1 June 2026
Most people give up on AI sounding like them too early
Most people give up on AI sounding like them after one draft.
They prompt it. They read v1. It sounds generic. They conclude AI can't do their voice and either rewrite the whole thing themselves or stop using AI for writing.
That moment - the one where they reject v1 and walk away - is the moment the work actually starts.
Start small, not perfect
When you first start trying to brief AI on your voice, you don't really know what to say. So you start simple. Use Australian English. No exclamation marks. Don't say "unlock potential". Two or three sentences, paste-in-anywhere.

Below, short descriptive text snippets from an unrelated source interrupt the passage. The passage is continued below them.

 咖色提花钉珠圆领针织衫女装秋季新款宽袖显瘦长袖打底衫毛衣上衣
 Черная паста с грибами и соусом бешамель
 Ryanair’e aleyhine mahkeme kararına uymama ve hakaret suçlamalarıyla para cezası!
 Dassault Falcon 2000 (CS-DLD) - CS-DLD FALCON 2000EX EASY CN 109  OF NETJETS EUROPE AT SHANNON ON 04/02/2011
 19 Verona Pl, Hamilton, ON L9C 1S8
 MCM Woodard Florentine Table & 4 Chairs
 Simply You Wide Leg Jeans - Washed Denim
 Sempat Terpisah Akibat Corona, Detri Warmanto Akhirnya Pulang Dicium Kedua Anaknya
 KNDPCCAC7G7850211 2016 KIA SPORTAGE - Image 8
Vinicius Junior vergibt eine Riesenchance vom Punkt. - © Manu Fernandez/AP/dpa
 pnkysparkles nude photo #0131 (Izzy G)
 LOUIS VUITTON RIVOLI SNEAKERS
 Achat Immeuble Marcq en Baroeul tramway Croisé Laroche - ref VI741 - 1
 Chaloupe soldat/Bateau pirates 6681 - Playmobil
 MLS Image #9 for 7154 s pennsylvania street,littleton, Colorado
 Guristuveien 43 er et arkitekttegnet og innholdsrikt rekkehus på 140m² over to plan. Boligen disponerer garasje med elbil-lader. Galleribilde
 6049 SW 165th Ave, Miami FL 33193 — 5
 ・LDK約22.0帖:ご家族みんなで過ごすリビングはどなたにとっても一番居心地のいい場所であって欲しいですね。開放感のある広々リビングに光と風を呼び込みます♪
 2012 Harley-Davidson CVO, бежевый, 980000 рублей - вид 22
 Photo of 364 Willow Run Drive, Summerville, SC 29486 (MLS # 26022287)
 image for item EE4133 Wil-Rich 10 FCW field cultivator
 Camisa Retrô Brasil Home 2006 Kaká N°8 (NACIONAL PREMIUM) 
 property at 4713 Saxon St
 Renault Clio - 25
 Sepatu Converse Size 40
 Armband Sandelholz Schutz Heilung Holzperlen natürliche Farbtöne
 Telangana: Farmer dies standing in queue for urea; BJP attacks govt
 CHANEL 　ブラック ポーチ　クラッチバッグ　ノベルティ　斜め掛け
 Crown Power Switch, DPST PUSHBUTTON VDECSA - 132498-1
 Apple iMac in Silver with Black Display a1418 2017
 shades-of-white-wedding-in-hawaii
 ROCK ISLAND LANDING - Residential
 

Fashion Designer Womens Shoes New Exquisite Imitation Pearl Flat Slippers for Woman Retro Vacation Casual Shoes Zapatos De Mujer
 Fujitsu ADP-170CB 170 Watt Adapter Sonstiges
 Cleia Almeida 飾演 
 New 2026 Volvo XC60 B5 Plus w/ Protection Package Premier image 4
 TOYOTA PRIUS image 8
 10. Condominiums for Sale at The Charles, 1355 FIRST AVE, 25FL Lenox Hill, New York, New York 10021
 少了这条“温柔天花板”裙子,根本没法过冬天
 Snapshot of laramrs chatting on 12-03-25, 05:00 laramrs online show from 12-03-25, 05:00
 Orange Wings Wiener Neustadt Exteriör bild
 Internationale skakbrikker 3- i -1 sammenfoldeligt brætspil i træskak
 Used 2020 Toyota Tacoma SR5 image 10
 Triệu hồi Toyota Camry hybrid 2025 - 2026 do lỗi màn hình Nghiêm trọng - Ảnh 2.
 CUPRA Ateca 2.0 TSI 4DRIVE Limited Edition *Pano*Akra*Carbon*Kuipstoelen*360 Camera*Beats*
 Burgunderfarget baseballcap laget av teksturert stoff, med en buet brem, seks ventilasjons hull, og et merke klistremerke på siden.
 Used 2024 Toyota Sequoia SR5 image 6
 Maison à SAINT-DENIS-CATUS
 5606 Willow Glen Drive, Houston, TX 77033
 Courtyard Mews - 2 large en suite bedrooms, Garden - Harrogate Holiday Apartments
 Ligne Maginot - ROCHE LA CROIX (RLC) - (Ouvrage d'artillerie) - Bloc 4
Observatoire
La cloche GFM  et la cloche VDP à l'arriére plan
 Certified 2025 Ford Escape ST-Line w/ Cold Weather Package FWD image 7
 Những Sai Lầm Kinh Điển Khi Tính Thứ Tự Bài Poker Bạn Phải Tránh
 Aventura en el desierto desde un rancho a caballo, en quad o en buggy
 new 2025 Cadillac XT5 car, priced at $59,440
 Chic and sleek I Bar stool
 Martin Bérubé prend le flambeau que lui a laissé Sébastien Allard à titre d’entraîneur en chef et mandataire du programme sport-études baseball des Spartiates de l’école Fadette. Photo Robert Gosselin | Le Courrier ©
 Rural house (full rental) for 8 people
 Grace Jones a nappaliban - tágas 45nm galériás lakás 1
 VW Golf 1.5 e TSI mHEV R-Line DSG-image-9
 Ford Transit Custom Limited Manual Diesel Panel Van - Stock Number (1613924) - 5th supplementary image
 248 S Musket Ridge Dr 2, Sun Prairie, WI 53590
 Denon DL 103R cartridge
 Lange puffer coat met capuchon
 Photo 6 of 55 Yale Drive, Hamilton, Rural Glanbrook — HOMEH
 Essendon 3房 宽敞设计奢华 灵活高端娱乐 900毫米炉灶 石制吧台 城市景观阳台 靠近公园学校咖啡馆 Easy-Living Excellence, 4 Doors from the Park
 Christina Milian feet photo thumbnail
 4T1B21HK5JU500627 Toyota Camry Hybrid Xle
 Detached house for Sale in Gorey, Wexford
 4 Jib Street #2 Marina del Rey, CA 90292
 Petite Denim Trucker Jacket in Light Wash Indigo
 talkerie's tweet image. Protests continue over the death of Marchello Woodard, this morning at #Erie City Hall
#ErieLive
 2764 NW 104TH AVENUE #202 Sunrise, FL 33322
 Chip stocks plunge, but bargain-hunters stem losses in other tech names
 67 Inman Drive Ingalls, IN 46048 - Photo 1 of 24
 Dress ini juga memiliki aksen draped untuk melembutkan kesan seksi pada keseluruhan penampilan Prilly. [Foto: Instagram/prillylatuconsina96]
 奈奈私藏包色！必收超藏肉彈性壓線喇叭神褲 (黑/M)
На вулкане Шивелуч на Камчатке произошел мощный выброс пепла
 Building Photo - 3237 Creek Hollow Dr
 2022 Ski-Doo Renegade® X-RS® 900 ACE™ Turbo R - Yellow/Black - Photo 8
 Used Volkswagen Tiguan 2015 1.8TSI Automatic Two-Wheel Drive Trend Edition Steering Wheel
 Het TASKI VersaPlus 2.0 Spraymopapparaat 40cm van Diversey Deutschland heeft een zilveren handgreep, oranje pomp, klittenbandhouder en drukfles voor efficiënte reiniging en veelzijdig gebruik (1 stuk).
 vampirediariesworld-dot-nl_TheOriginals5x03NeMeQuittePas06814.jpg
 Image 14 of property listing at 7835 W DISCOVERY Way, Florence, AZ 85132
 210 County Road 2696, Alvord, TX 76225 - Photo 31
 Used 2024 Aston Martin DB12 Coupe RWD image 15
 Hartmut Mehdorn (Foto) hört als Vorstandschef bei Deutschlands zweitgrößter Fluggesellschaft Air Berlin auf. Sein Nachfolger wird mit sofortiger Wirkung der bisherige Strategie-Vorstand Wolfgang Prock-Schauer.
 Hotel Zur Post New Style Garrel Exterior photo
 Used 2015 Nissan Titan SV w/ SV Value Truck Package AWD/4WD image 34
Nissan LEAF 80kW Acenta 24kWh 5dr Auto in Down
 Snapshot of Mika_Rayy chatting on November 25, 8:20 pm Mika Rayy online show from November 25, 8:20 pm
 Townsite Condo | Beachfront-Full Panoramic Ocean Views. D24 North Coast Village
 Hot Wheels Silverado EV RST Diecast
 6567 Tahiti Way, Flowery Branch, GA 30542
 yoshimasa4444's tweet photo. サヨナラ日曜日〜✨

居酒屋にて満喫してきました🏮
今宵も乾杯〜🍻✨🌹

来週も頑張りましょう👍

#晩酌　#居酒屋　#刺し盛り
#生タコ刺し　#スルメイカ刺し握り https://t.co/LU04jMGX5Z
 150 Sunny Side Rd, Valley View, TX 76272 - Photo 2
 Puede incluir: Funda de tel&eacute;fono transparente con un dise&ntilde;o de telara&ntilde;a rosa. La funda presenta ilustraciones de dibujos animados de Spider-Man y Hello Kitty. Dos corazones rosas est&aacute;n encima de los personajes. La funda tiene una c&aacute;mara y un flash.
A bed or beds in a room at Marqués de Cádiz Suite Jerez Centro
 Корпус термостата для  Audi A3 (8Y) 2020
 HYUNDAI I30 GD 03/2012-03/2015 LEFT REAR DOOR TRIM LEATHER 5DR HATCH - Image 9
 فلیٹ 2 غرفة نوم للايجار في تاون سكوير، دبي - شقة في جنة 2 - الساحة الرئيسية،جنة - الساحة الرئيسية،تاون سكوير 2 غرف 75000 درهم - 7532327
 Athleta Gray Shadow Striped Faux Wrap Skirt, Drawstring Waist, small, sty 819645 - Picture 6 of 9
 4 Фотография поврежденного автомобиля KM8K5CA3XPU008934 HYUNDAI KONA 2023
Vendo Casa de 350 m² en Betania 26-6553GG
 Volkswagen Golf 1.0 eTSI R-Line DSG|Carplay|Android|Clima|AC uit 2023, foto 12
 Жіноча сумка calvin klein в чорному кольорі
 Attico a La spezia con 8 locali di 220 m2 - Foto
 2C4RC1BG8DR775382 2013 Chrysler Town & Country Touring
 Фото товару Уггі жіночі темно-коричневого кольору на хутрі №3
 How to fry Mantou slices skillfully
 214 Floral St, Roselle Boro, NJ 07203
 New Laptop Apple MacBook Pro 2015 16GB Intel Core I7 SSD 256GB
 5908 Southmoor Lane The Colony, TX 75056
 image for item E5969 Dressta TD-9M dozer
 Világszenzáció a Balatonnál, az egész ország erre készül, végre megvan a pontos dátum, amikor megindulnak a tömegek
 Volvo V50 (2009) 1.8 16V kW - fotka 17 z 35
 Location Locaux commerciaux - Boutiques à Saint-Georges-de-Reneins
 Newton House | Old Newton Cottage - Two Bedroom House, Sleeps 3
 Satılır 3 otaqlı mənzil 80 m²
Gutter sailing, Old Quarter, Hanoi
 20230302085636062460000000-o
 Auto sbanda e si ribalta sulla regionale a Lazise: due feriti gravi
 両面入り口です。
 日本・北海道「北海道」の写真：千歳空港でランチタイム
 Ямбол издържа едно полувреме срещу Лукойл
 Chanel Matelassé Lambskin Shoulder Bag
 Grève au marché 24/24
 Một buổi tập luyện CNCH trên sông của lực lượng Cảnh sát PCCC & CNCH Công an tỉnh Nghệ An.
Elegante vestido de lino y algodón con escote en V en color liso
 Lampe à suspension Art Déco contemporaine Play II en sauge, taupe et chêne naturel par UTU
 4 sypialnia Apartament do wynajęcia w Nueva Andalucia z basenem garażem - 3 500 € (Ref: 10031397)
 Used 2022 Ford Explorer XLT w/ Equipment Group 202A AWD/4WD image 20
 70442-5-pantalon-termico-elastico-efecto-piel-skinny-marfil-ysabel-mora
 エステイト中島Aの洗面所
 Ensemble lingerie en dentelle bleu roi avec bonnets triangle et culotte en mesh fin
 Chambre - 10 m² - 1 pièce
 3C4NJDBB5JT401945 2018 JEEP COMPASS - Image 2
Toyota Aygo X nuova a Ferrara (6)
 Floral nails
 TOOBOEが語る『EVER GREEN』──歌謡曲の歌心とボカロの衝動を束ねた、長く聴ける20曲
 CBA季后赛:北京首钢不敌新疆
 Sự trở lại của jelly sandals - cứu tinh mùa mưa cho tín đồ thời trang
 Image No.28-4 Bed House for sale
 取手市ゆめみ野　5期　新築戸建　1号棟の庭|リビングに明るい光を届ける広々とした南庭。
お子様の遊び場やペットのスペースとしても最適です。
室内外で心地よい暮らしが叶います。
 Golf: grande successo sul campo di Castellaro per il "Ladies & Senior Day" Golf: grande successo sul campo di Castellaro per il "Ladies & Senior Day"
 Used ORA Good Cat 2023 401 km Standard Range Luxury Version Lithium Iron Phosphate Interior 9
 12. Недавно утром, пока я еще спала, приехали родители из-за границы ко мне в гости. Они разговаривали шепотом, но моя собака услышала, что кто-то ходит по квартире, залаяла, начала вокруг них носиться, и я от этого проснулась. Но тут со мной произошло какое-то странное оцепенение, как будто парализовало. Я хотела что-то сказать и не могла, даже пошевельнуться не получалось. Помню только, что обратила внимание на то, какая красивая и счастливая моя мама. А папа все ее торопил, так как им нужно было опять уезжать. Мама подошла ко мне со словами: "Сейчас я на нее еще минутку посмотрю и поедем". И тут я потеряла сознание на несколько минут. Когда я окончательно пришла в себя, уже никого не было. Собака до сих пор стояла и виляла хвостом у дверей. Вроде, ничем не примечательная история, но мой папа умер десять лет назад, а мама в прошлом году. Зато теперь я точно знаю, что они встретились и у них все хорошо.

That's enough to get you off zero. Don't try to write a 20-page voice doc upfront - you'll never finish, and most of what's actually distinctive about you won't make it in anyway. The interesting bits of your voice aren't the rules you can articulate. They're the rewrites you make once you see something that isn't quite right.
Why a brief isn't enough
The thing nobody warns you about: the first draft is supposed to be generic.
How could it not be? It's read a million pieces of writing and the few sentences you gave it about you. The first cut lands somewhere in the middle of "competent writing" because that's all it has to work with. Of course it doesn't sound like you yet. You haven't shown it you yet.
People reject v1 like AI failed them. AI didn't fail. It made the only draft it could make from what you gave it.
The actual work is what happens after.
What I do
Recent example. Welcome email for new user signups. I asked AI to draft it. v1 came back - fine, polite, generic. Sounded like a thousand other welcome emails.
So I rewrote it. Not from scratch. Just the bits that make it feel like me - warmth, an exclamation where I'd actually use one, an emoji where it'd land, more context around things the AI couldn't have known mattered (it's the first cut, how would it?). I deleted a few words I'd never say. Smaller changes than you'd think.
Then I fed the edited version back: hey, I sent this version, please review and learn from it for next time.
I've done that exact loop three times now. Each round, the version it gives me needs less editing than the round before.
The advanced move
Sometimes I'll drop a long brain dump in chat - on a topic, on a problem, just thinking out loud. Then at the end I say: do you see how I wrote to you? That's how I speak. Analyse it. Take learnings from that, beyond what I'm literally telling you.
The dump itself is voice training data. The way I cut myself off, the way I correct mid-sentence, the words I reach for, the ones I never use - all of it is voice information that no brief can capture.
Why most people don't do this
Most people skip the loop because they're expecting AI to be a faster typist. Hand it a brief, get the answer, done. So when v1 doesn't sound like them, they reject the whole tool or they accept it as good enough and think AI “isn’t that great”.
The thing they miss is that the loop IS the work. Each edit you make, with the reason attached, is what AI needs to see to learn your voice. The brief just gets it started.
Next time AI drafts something and v1 lands flat, don't reject it. Sit with it. Rewrite the parts that aren't you. Tell it specifically what you changed and why. Then ask it to remember.
Do it three times. See what v4 looks like.